TeamHG-Memex / soft404

A classifier for detecting soft 404 pages
56 stars 14 forks source link

python3, sklearn >0.18 #15

Closed codinguncut closed 5 years ago

codinguncut commented 7 years ago

I much appreciate this model. I tried to use it in a project (python 3.5, scikit-learn 0.19.0), and got multiple warnings/errors:

/home/johannes/.virtualenvs/broadcrawl/lib/python3.5/site-packages/sklearn/base.py:312: UserWarning: Trying to unpickle estimator FunctionTransformer from version 0.18.1 when using version 0.19.0. This might lead to breaking code or invalid results. Use at your own risk.
  UserWarning)

WARNING:py.warnings:/home/johannes/.virtualenvs/broadcrawl/lib/python3.5/site-packages
/sklearn/preprocessing/_function_transformer.py:156: DeprecationWarning: The parameter
 pass_y is deprecated since 0.19 and will be removed in 0.21
  "will be removed in 0.21", DeprecationWarning)

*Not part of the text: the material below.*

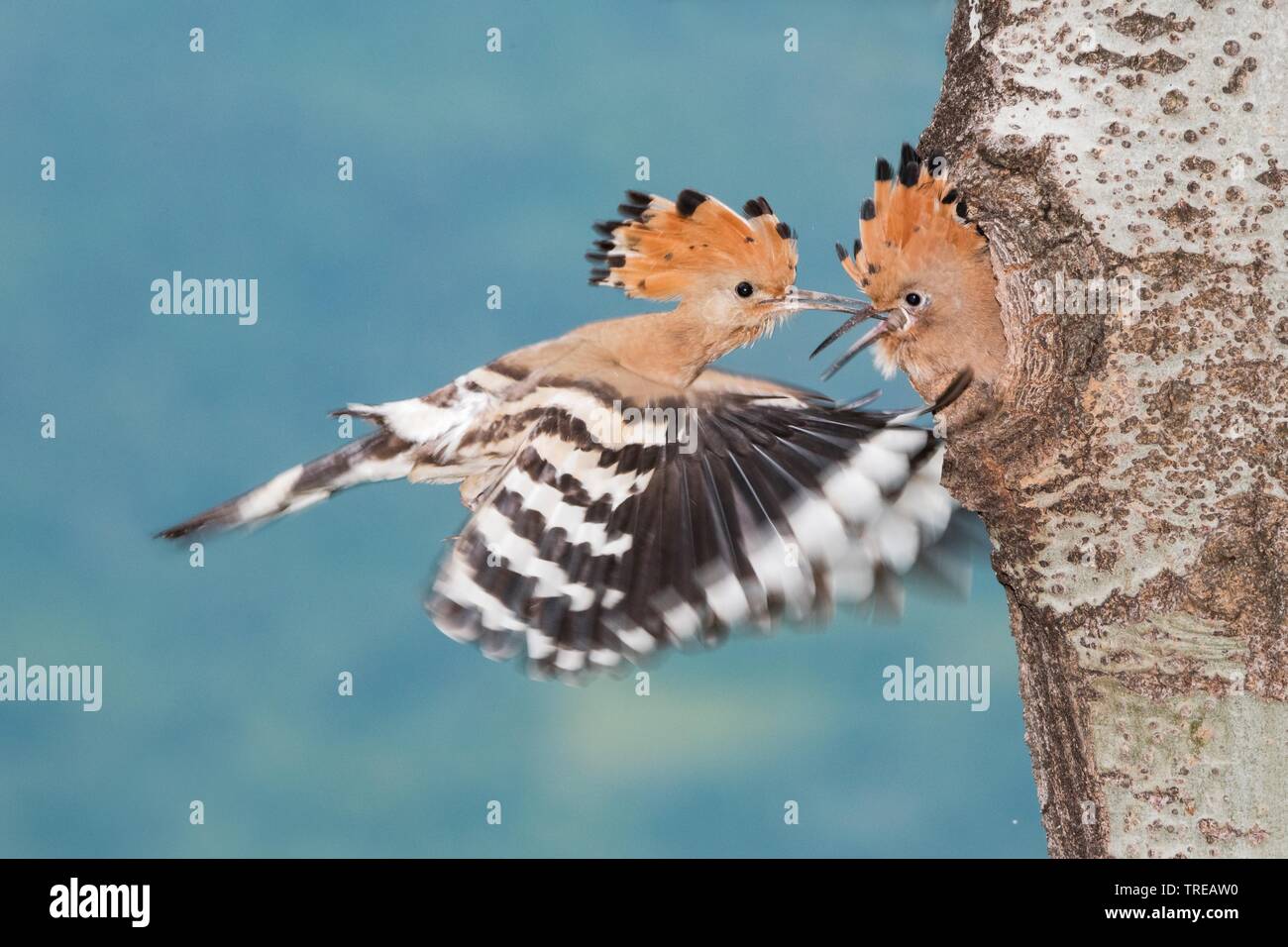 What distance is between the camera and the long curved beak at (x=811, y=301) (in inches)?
90.5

Of course I could try to downgrade my sklearn, but it would be great if "at least" the unpickling would survive minor sklearn updates (see #13 ;)

lucywang000 commented 6 years ago

The direct cause of the warning msg is because the pass_y param to FunctionalTransformer is deprecated in sklearn 0.19+, while we saved the pipeline (which has two functional transformers steps) with sklearn 0.18 (see #3).

So I think fixing #13 would also fix this one. (Seems this one and #13 is actually different)

The current pipeline is:

- html_to_item
- item_to_text
- CountVectorizer
- TfidfTransformer
- SGDClassifier

So I think we should remove the first two functional steps from the ppl to fix the deprecated warnings for this ticket.

@lopuhin Am i right?

lopuhin commented 6 years ago

So I think we should remove the first two functional steps from the ppl to fix the deprecated warnings for this ticket.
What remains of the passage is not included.